For YOLOv3, SSD, DETR, and YOLOv6, we utilized all the existing models that were provided by their respective authors. We therefore made our best effort to modify the networks from the existing models by following DETR36, YOLOv334, SSD35 and YOLOv641 to perform fine-tuning by conducting training with our dataset, as mentioned earlier. We also applied the SGD optimizer with a learning rate of 1.0 × 10−3, a weight decay of 1.0 × 10−8 and a momentum of 0.9. In these experiments, the batch size was set to 64, and the training process was carried out for 100 epochs. The models were trained using an Nvidia Tesla V100 GPU.

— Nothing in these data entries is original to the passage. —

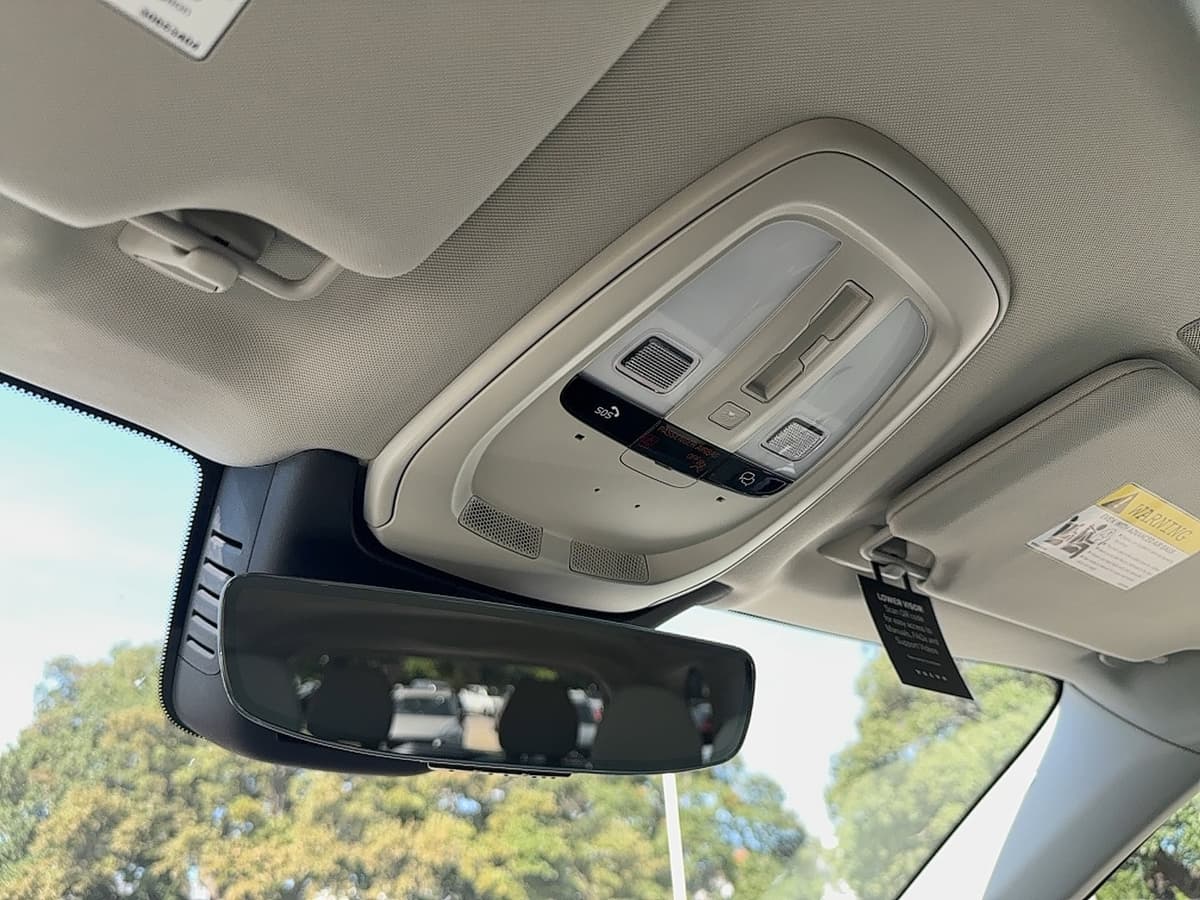 2025 Volvo XC90 plug-in hybrid - Image 25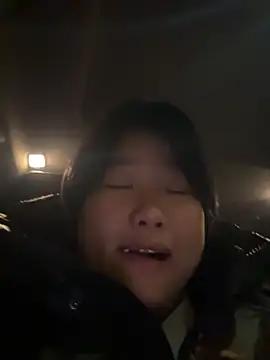 Fengbaby-555 online show from 12/19/25, 10:00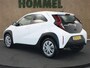 Toyota Aygo X 1.0 VVT-i MT Play - ORIGINEEL NEDERLANDSE AUTO - AIRCO - ACHTERUITRIJCAMERA - BLUETOOTH TELEFOONVOORBEREIDING - APPLE CARPLAY/ANDROID AUTO - CRUISE CONTROL ADAPTIEF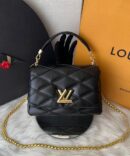 Bolsa Louis Vuitton Go - Preto/Dourado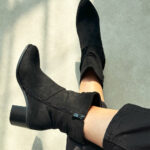 Czarne zamszowe botki damskie na obcasie M.Daszyński 2337-9-wyprzedaż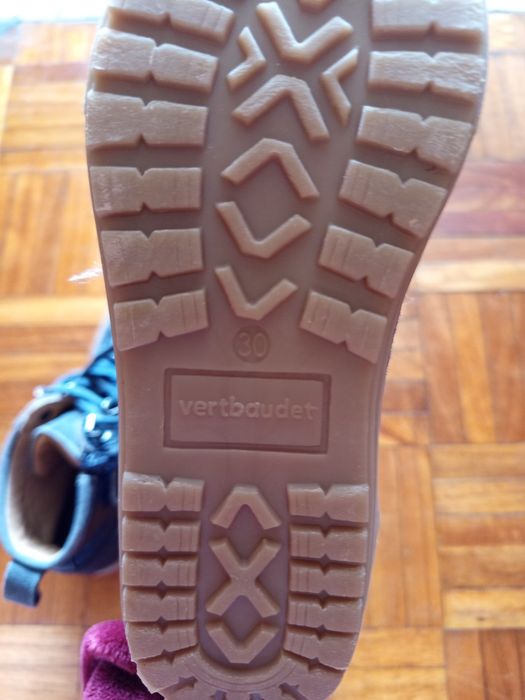 Botas infantis  em bom estado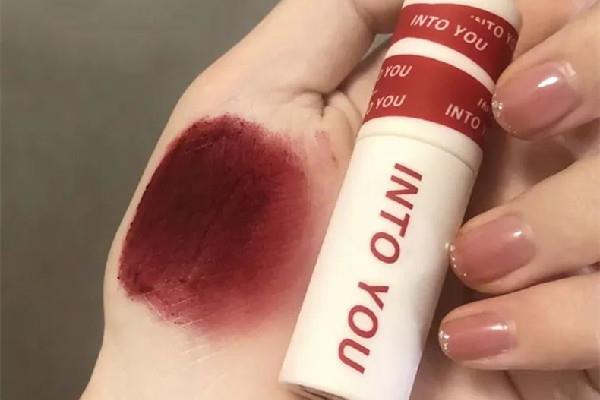 唇泥可以用洗面奶洗掉吗 唇泥用什么卸妆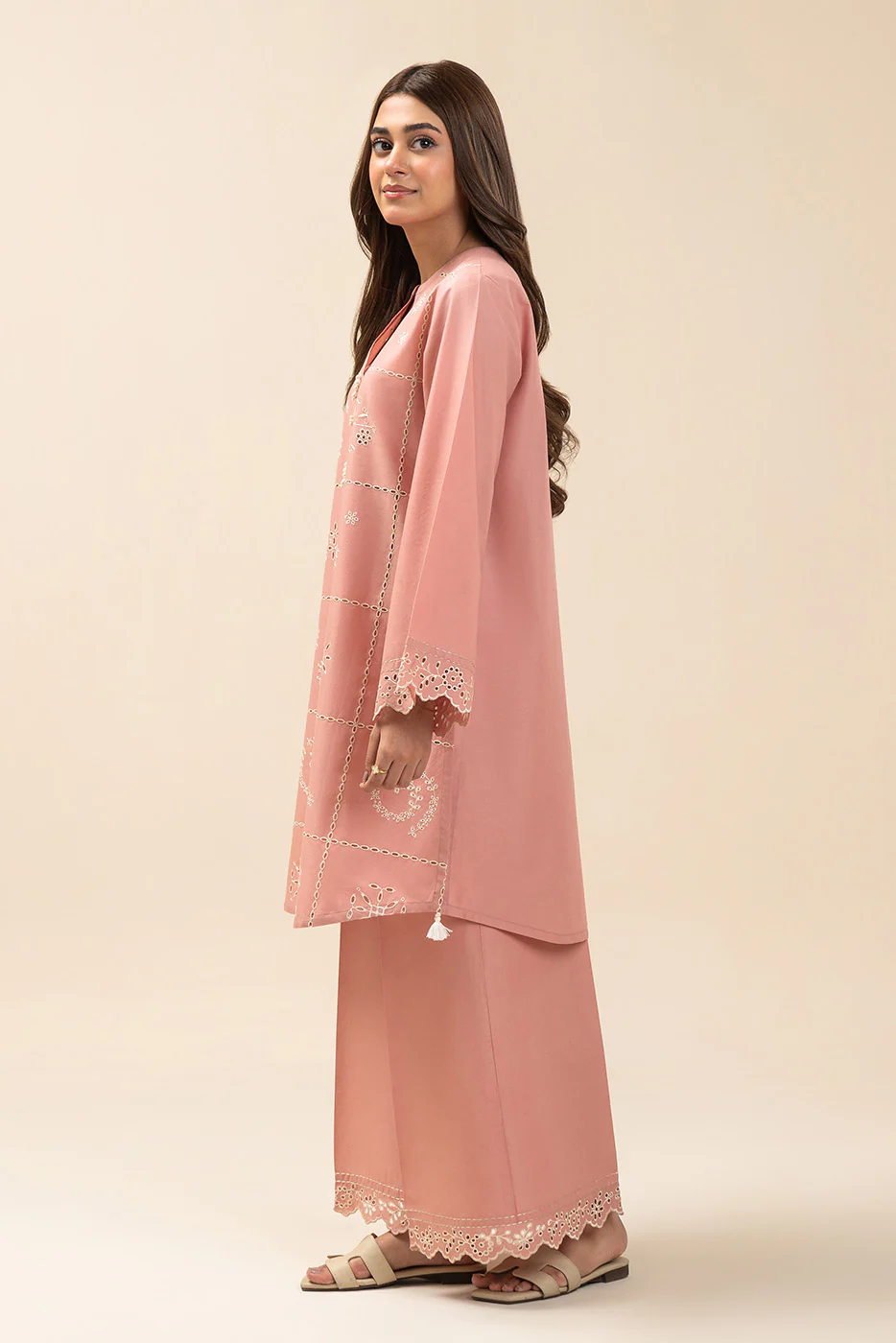 2 PIECE EMBROIDERED LAWN SUIT-MEADOW MIST (UNSTITCHED) - Image 3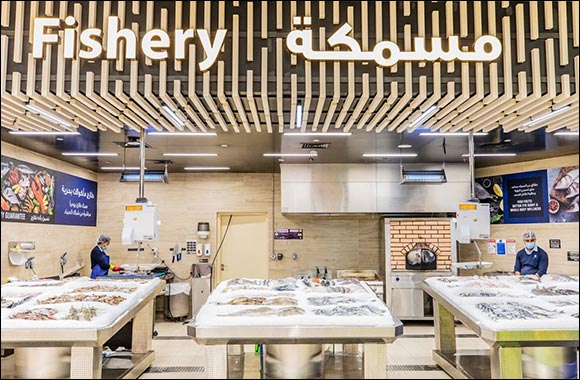 Dubai Retailer Receives 4 Tons of Fish Supplies to Meet Consumer Demands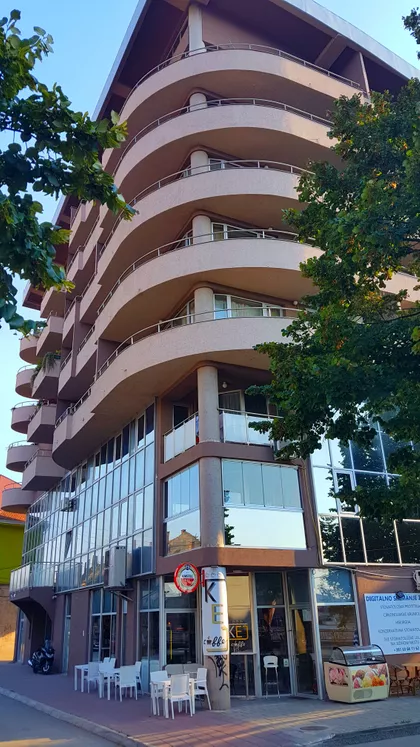 Milorada Veljkovića-Špaje 1 | 4zida.rs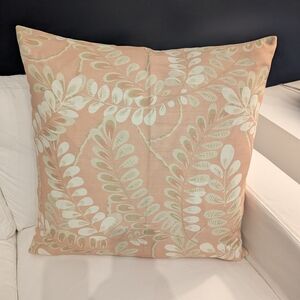 Leaf Pattern Throw Pillow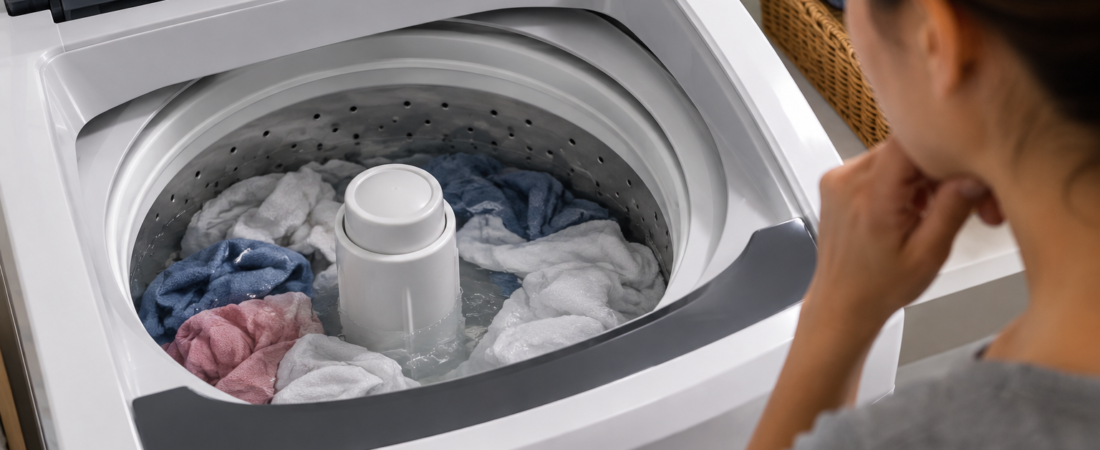 Máquina de lavar enche de água, mas não bate a roupa: causas e o que fazer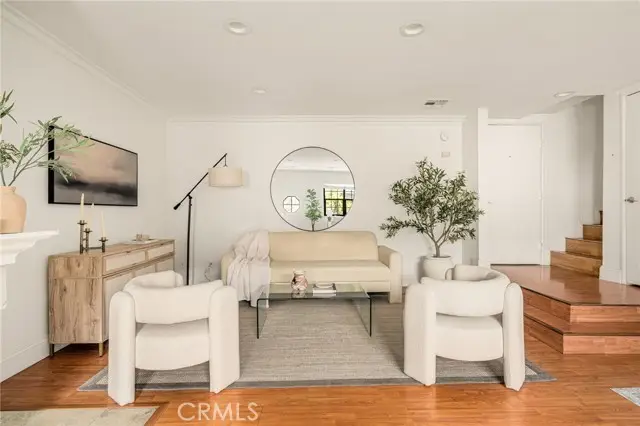 698 Berendo  #206, Los Angeles, CA 90005 - #1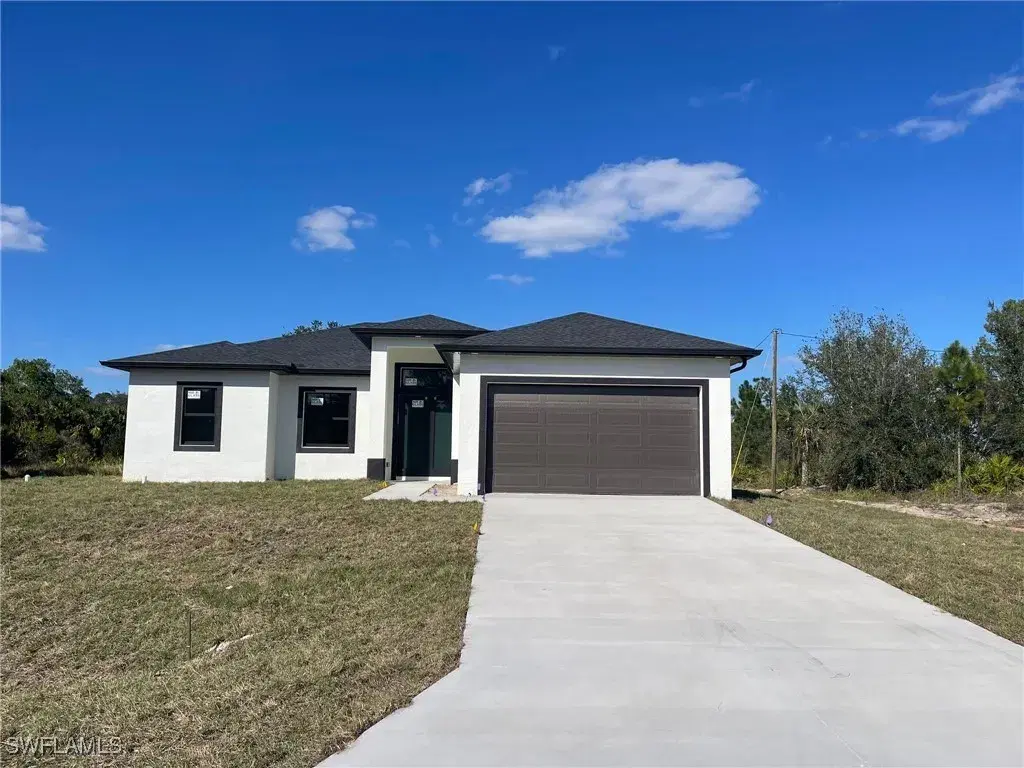 Picture of 302 W 8Th St, Lehigh Acres, FL 33972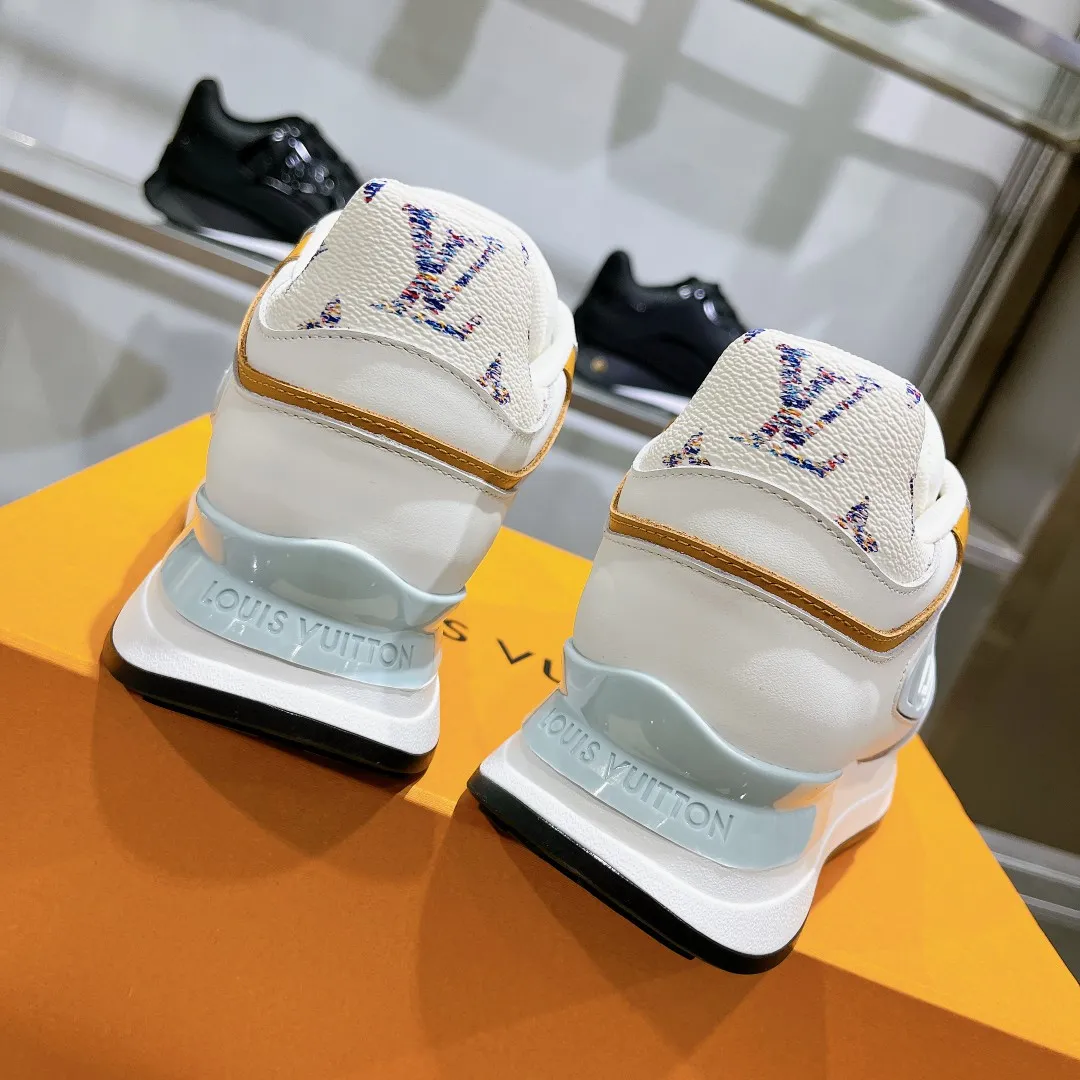 [L Family] P: 760💰Size 35-42 for women, 39-46 for men, (41.42 for women, 45.46 for men, customized) .LV Donkey Brand 🔥🔥LOUIS VUITTON Louis Vuitton's official website synchronizes the 2025 autumn and winter couple's models, which are now on the market, this Neo Run Away sneakers are inspired by running shoes, integrating LV's iconic must-have shoes into the trend. This version is a 1:1 replica of the original version. It is made of two-tone calfskin to highlight its simple lines and unique wedge outsole. Key details include the LV initials on the side and an engraved gold heel stabilizer on the back plus a 2cm hidden insole.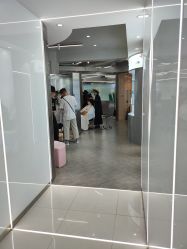 -LESSMORE科技头皮理容中心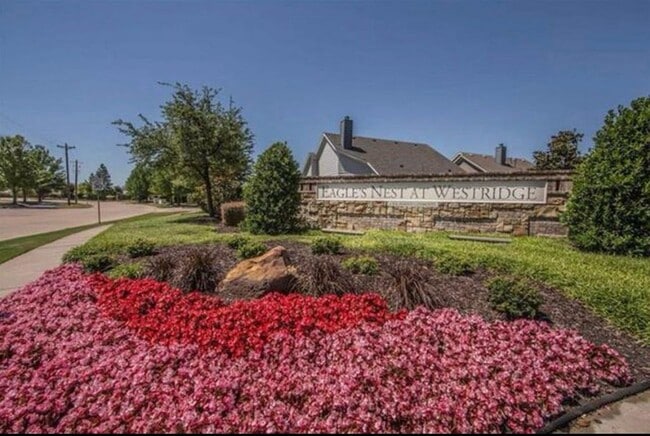 Building Photo - 9841 Carter Dr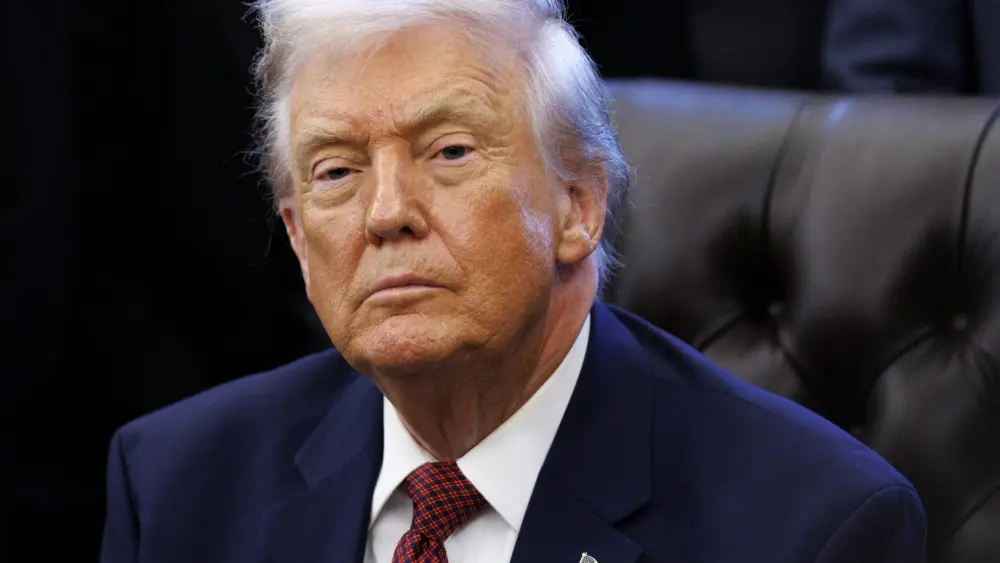 17648628427370600081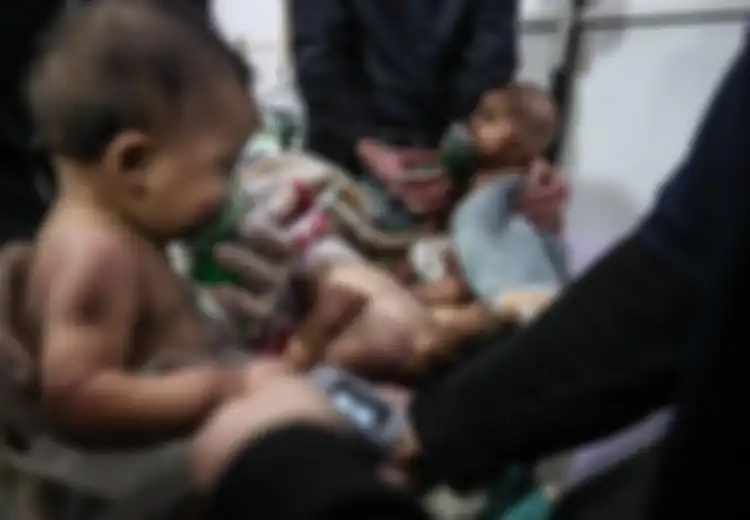 (Foto) Tragisnya Nasib Anak-anak yang Diserang Gas Beracun di Perang Suriah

Evaluation metrics for object detection

AP is a popular metric for measuring the accuracy of object detection models. The calculation of AP involves only one class. The metric can be calculated using the following equation:

$$\text{AP}=\mathop{\sum }\limits_{i=1}^{n-1}\left({r}_{i+1}-{r}_{i}\right){pre}\left({r}_{i+1}\right)$$
(6)

where r1, r2, …, rn are the recall levels at which the precision (pre) is first interpolated. Next, the mAP is the average AP across all classes, which can be defined as follows:

$$\text{mAP}=\frac{1}{M}\mathop{\sum }\limits_{i=1}^{M}{\text{AP}}_{i}$$
(7)

where M is defined as the number of classes.